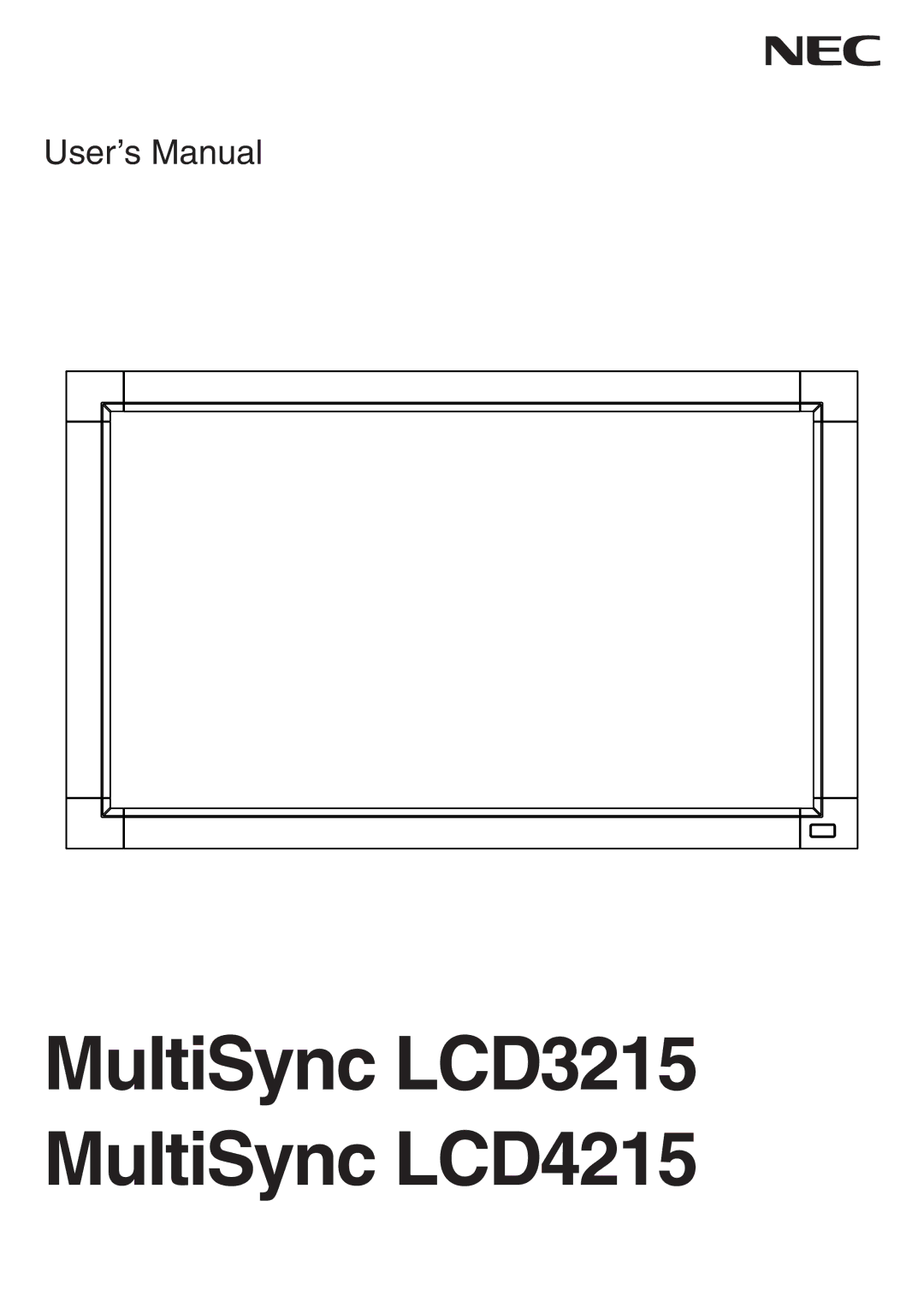 NEC user manual MultiSync LCD3215 MultiSync LCD4215 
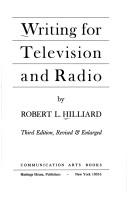 Cover of: Writing for television and radio by Robert L. Hilliard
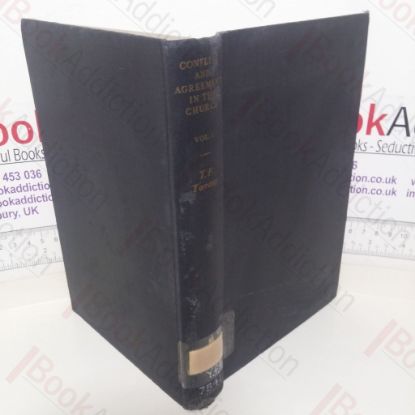Picture of Conflict and Agreement in the Church (Volume one; Order and Disorder)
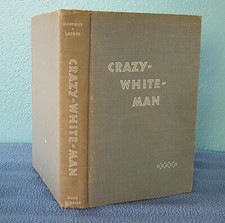 Crazy-White-Man by Richard Morenus 1952 2nd Print Canada wilderness survival comprar usado  Enviando para Brazil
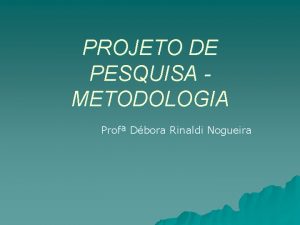 PROJETO DE PESQUISA METODOLOGIA Prof Dbora Rinaldi Nogueira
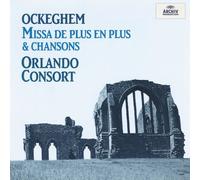 Orlando Consort - Missa Plus/Chansons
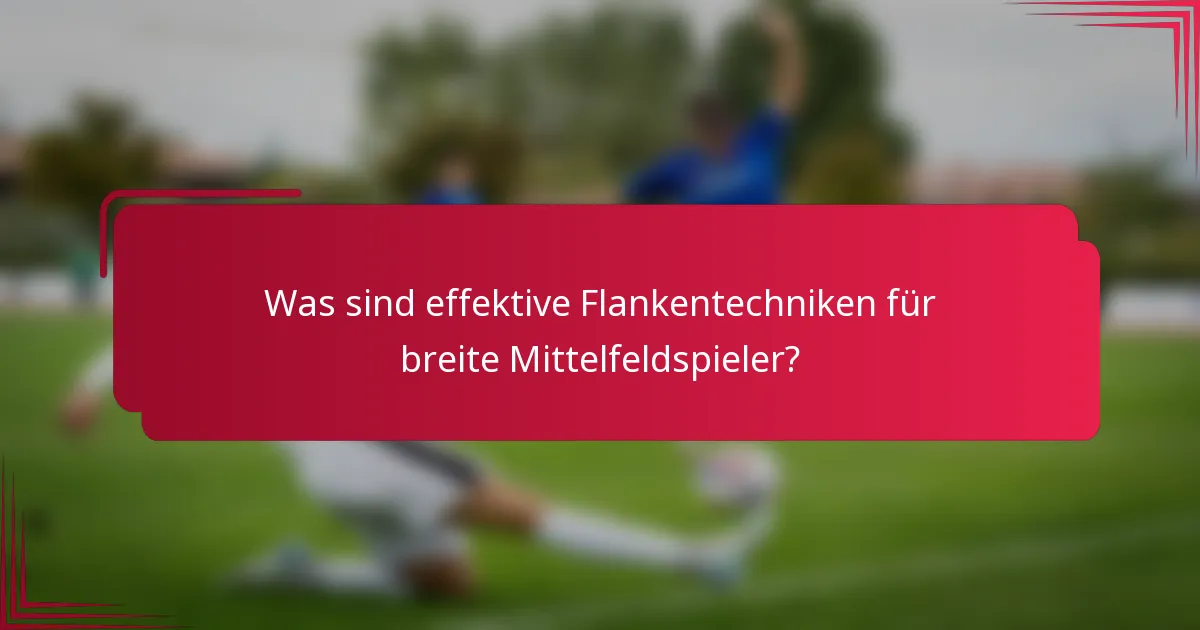 Was sind effektive Flankentechniken für breite Mittelfeldspieler?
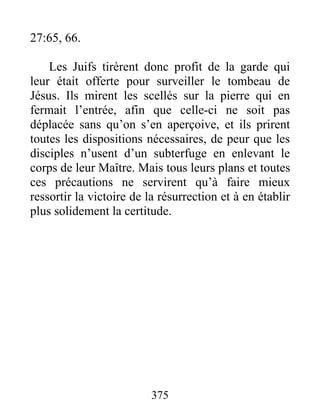 27:65, 66.
Les Juifs tirèrent donc profit de la garde qui
leur était offerte pour surveiller le tombeau de
Jésus. Ils mirent les scellés sur la pierre qui en
fermait l’entrée, afin que celle-ci ne soit pas
déplacée sans qu’on s’en aperçoive, et ils prirent
toutes les dispositions nécessaires, de peur que les
disciples n’usent d’un subterfuge en enlevant le
corps de leur Maître. Mais tous leurs plans et toutes
ces précautions ne servirent qu’à faire mieux
ressortir la victoire de la résurrection et à en établir
plus solidement la certitude.
375
 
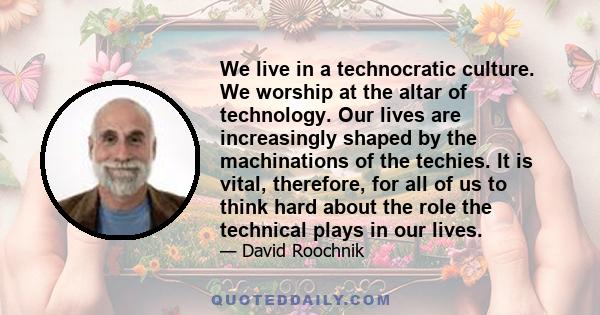 We live in a technocratic culture. We worship at the altar of technology. Our lives are increasingly shaped by the machinations of the techies. It is vital, therefore, for all of us to think hard about the role the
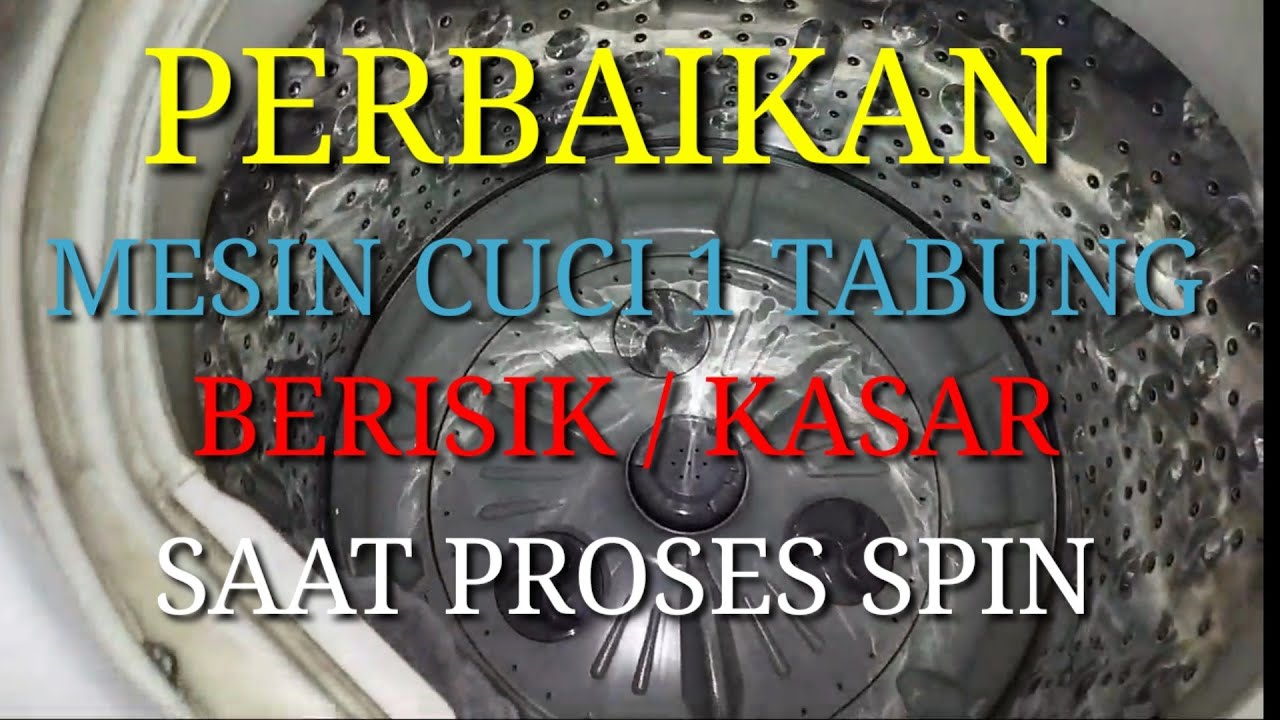 Perbaikan mesin cuci 1 tabung berisik saat spin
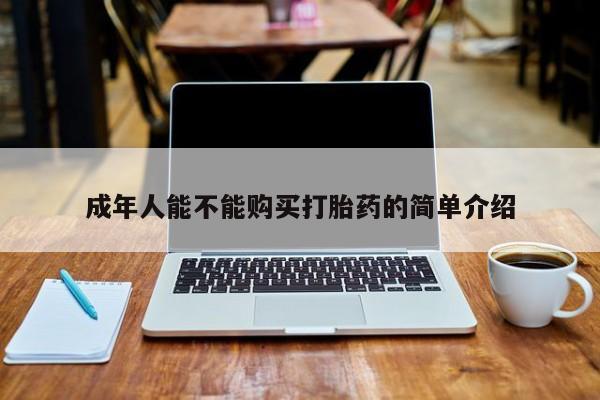 有私人打胎药成年人能不能购买打胎药的简单介绍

════

DIRECTIONS FOR THIS TASK: How many of the lines in the data above carry the word "toutes"? Say the number and nothing else.

RESPONSE AREA: 2